Solving big systems of linear equations by hand

Question

I have a lot of systems of linear equations to solve by hand like this one: $ x_1 = 1+\frac{1}{4}(x_{1}+x_{2}+x_{4}+x_{5})$
$ x_2 = 1+\frac{1}{4}(x_{1}+x_{2}+x_{3}+x_{6})$
$ x_3 = 1+\frac{1}{4}(x_{2}+x_{3}+x_{4}+x_{7})$
$ x_4 = 1+\frac{1}{4}(x_{1}+x_{3}+x_{4})$
$ x_5 = 1+\frac{1}{4}(x_{1}+x_{5}+x_{6})$
$ x_6 = 1+\frac{1}{4}(x_{2}+x_{5}+x_{6}+x_{7})$
$ x_7 = 1+\frac{1}{4}(x_{3}+x_{6}+x_{7})$
What is the fastest way to solve it? By substitution? By addition? I tried to solve it by substition but it is a very slow method. Thank you.

Answer 1

I don't know if the following way (using addition) is the fastest, but I think it is not bad.

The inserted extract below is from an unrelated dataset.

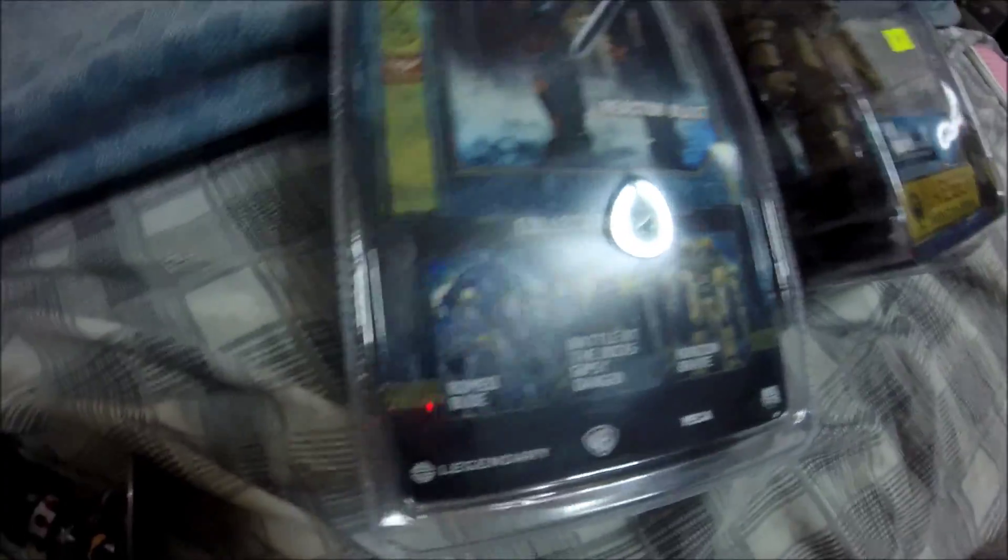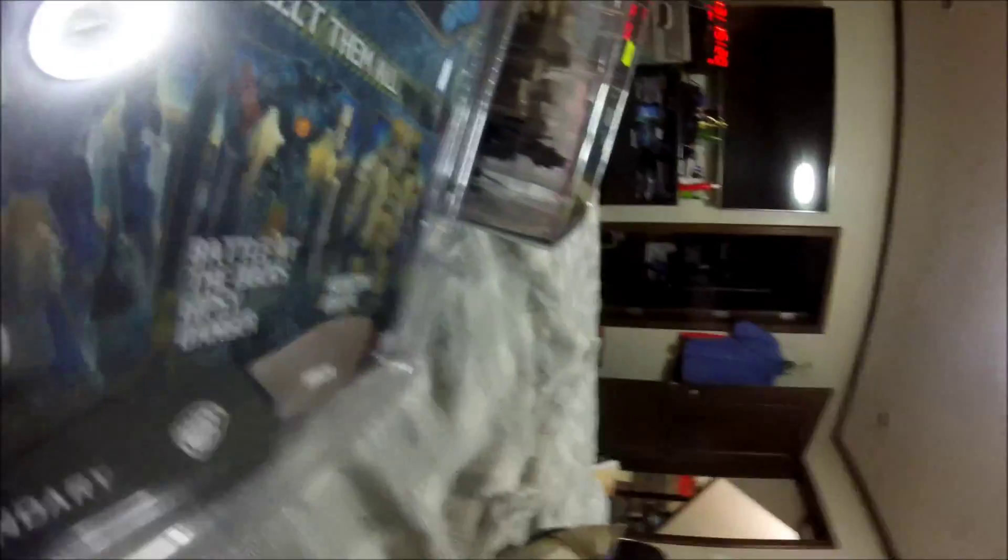Anyways, here are a bunch of Pacific Rim figures — yes, the Reactor Blast Gypsy Danger and Horizon Brave. So I got some more Pacific Rim figures. But let's actually look at the back of the box — you see Battle Alright, Romeo Blue, Horizon Brave, which is that one, and Battle of the Docks Gypsy Danger.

Since $x_1=x_3=x_6,x_4=x_5=x_7$, there might be a better way.

$ x_1 = 1+\frac{1}{4}(x_{1}+x_{2}+x_{4}+x_{5})\quad\tag1$
$ x_2 = 1+\frac{1}{4}(x_{1}+x_{2}+x_{3}+x_{6})\quad\tag2$
$ x_3 = 1+\frac{1}{4}(x_{2}+x_{3}+x_{4}+x_{7})\quad\tag3$
$ x_4 = 1+\frac{1}{4}(x_{1}+x_{3}+x_{4})\quad\tag4$
$ x_5 = 1+\frac{1}{4}(x_{1}+x_{5}+x_{6})\quad\tag5$
$ x_6 = 1+\frac{1}{4}(x_{2}+x_{5}+x_{6}+x_{7})\quad\tag6$
$ x_7 = 1+\frac{1}{4}(x_{3}+x_{6}+x_{7})\quad\tag7$

From $(1)+(2)+(3)+(4)+(5)+(6)+(7)$, $$x_1+x_2+x_3+x_4+x_5+x_6+x_7=7+\frac 14(4x_1+4x_2+4x_3+4x_6+3x_4+3x_5+3x_7),$$ i.e. $$x_4+x_5+x_7=28\tag 8$$

From $(4)+(5)+(7)$ and $(8)$, $$x_4+x_5+x_7=3+\frac{1}{4}(2x_1+2x_3+2x_6+x_4+x_5+x_7),$$ i.e. $$x_1+x_3+x_6=36\tag9$$

From $(2)(9)$, $$3x_2=4+x_1+x_3+x_6\Rightarrow \color{red}{x_2=\frac{40}{3}}.$$

From $(1)+(2),(8),(9)$, $$x_1+x_2=2+\frac 14(2x_1+2x_2+x_3+x_4+x_5+x_6)\Rightarrow 9x_1+3x_7=136\tag{10}$$

From $(4)+(5),(8),(9)$, $$x_4+x_5=2+\frac 14(2x_1+x_3+x_4+x_5+x_6)\Rightarrow x_1+3x_7=40\tag{11}$$

From $(10),(11)$, $\color{red}{x_1=12},\color{red}{x_7=\frac{28}{3}}$.

From $(3),(4)$, $\color{red}{x_3=12},\color{red}{x_4=\frac{28}{3}}$.

From $(8),(9)$, $\color{red}{x_5=\frac{28}{3}},\color{red}{x_6=12}$.